他們自己就是這樣的人,阿一坦言自己是自中四及中五失戀時開始聽電台的,當時是收聽商台的「一八七二遊花園」,聽着聽着便對傳播產生興趣,後來在大學偶然與朋友報名來香港電台當實習,一做至今。梓維則曾在澳洲規模較小的華人收費電台當了半年節目主持人。斌仔的故事更是追溯至「遠古」,他爸爸的職業是賣藥,每年暑假的兩個月,一星期五天爸爸都讓他跟車,一坐就是十小時,在沒其他東西可解悶的情況下便培養了聽電台的習慣,更夢想開咪做節目,後來偶然機會參加了商台的節目,之後便立志於這行打滾,包括到工聯會學習做廣播劇,改善懶音問題,最終得償所願。

「聽電台沒有畫面,但做節目的人每天都在敍述一個個畫面,主持人說的與每位聽眾想像的必定不同,但大家卻又明白,我認為這是相當有趣的。」斌仔說。
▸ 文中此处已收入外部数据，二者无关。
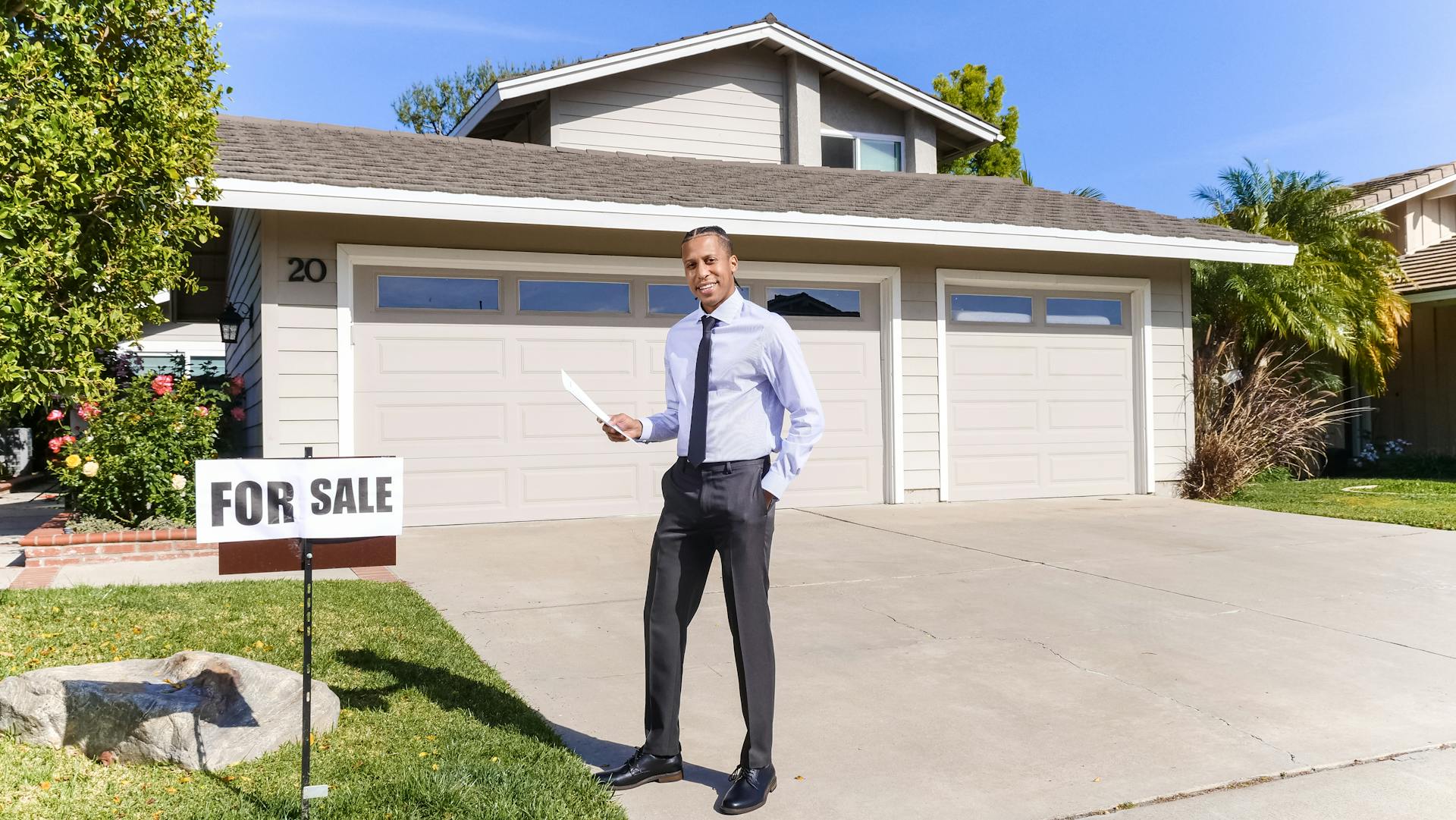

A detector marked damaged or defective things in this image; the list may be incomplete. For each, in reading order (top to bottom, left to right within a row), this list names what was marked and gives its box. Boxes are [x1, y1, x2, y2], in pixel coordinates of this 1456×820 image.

crack in concrete [803, 510, 1456, 664]
crack in concrete [1019, 637, 1304, 768]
「就好像你看《射鵰英雄傳》,小說只有文字沒有影像,但腦海中浮現的影像可能比實際拍攝來得更精彩。我想……我喜歡當DJ的原因就是想找到一些同道中人,一些與我一樣認為沒有畫面是一件很浪漫的事的人。」梓維說。

人做我不做,殺出新血路

通常初入行的新人都會由通宵節目做起,獨自面對不同突發狀況,當作試煉。但對斌仔而言,縱使他也曾主持不少其他早晨或下午節目,但他卻始終認為深宵節目才是自己的天地,早上的節目資訊性較強,且大家可能都忙於工作,不會像深夜收聽節目時那麼專心和放鬆,那時候大家即將入睡,更容易敞開心扉與主持人交流。由零八年開始主持「有冇搞錯」至今天的「C Hing祠堂」,當初由跟隨者到現時帶領者的角色,斌仔經歷的甜酸苦辣實在多不勝數。

對曾主持「晨光第一線」一段長時間的梓維來說,早上說話要快狠準,打醒十二分精神,晚上的節奏則可稍為放慢點,做自己多一點。阿一則有不同的看法,他不太認為晚間節目需有晚間節目的氣氛,那些感性的晚間節目如「音樂情人」已經存在,而且還很出色,與其與前輩比較,不如「人做我不做,殺出新血路」。以前主持人的身分對聽眾而言可謂是具權威性的,主持有責任和需要為聽眾提供資訊,但現在資訊發達流通,聽眾可以於其他途徑獲得資訊。提供資訊、教育和娛樂,鹹魚青菜的比例多少會有改變,聽眾們收聽他們三個的節目也許不會獲益良多,也許只是在睡前笑一笑。

對兼任舞台劇演員的梓維來說,他認為演員有時候很被動,難以判斷觀眾是喜歡你還是你演的角色。相反,主持主導屬於自己的表現方式,不是在扮演其他人,也不能扮演其他人,主持人就是在演繹自己,聽眾喜歡的、不喜歡的,也是這個真實的自己。

給kidults讀者的話

今天我對他們說廣播業正在式微,不久的將來或許就有另一個小記者對我說Youtube是老一輩的玩意。現在大部分人都喜歡看新資訊,所以最有效接觸新受眾的方法可能是透過各大社交媒體,那就變啊!時間在走,不變就會被淘汰,只要把人們喜歡的話題元素加入節目當中,吸引他們將習慣改變,廣播還是會有它的生存空間。

對我而言,我會覺得廣播有着它不能被取締的特色,喜歡的人自然就會懂得收聽,新一代人不懂欣賞是他們的損失,我還是為自己有機會接觸和熱愛這媒介感自豪呢!